**Exercise details**
Return nothing but the lines from the one containing "Дровяная печь Dovre 550CB фото 3" through the end of the records below, exactly as they stand and without pictures.

**Records from a data collection**
* * * *
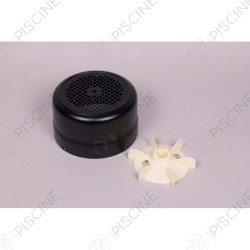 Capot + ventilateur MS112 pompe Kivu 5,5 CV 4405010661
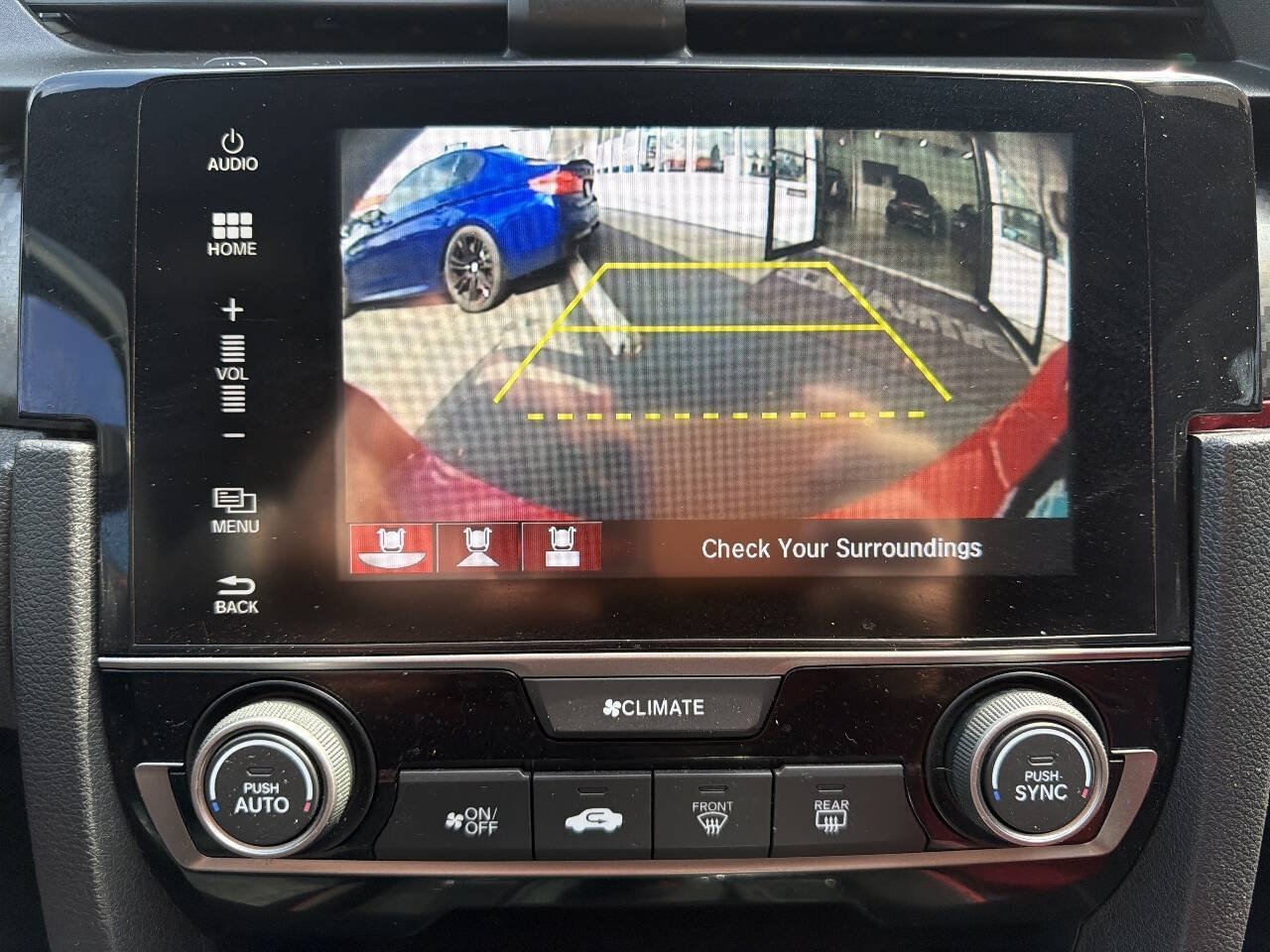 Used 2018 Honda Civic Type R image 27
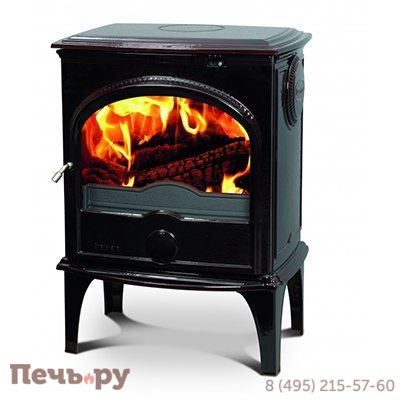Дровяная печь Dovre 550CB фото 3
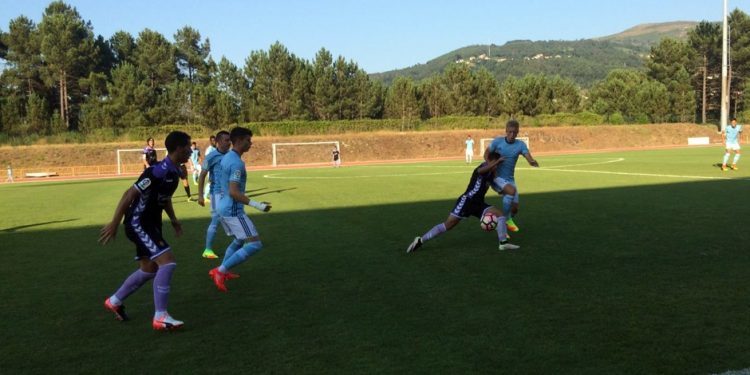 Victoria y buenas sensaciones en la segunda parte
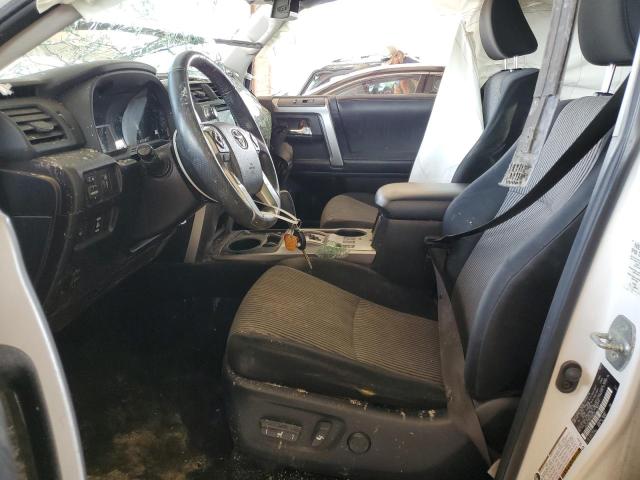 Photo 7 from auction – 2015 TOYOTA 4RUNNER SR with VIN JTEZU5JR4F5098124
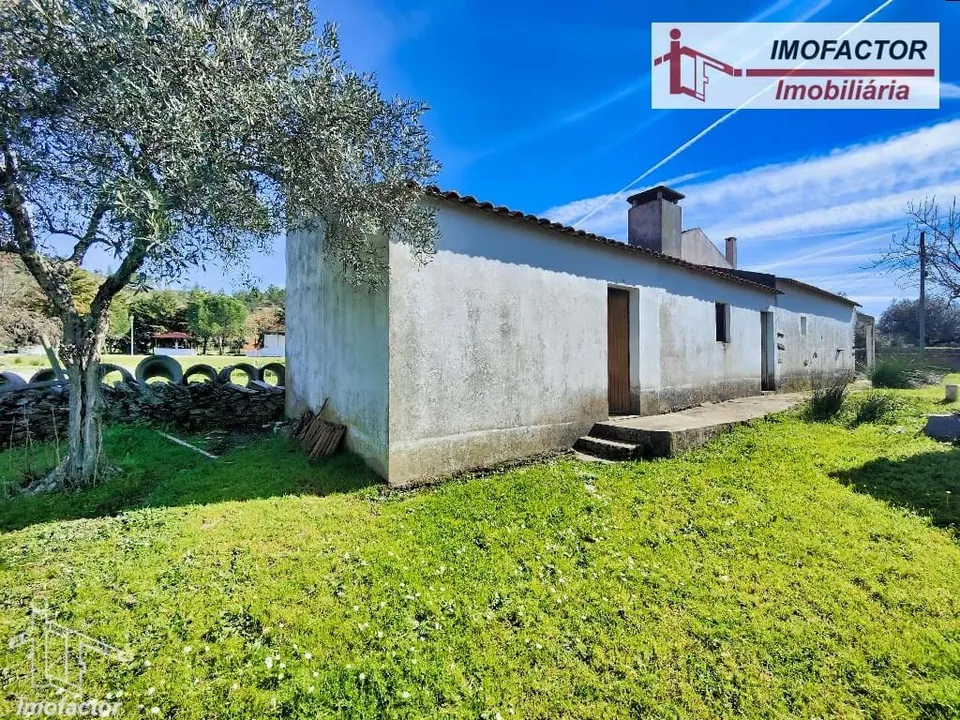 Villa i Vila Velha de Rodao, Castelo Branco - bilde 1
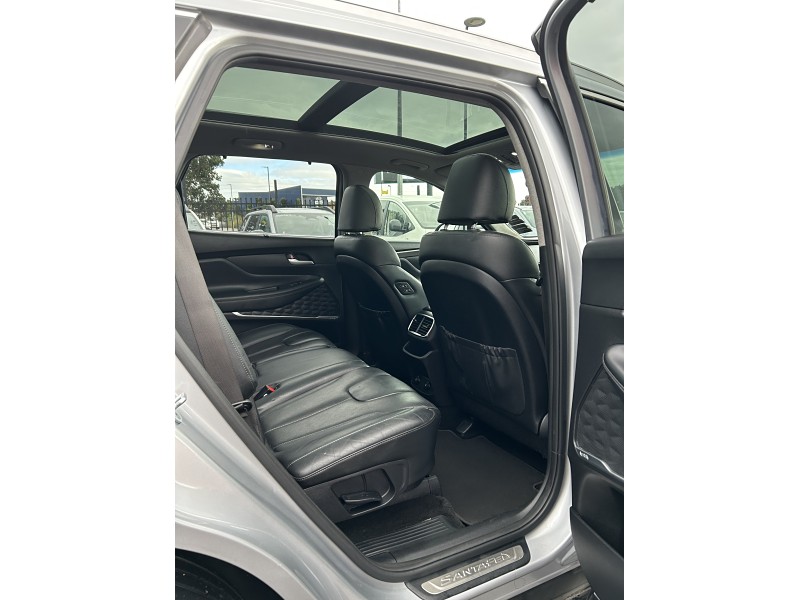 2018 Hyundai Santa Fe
* * * *
**Solution to this task**
Дровяная печь Dovre 550CB фото 3
 Victoria y buenas sensaciones en la segunda parte
 Photo 7 from auction – 2015 TOYOTA 4RUNNER SR with VIN JTEZU5JR4F5098124
 Villa i Vila Velha de Rodao, Castelo Branco - bilde 1
 2018 Hyundai Santa Fe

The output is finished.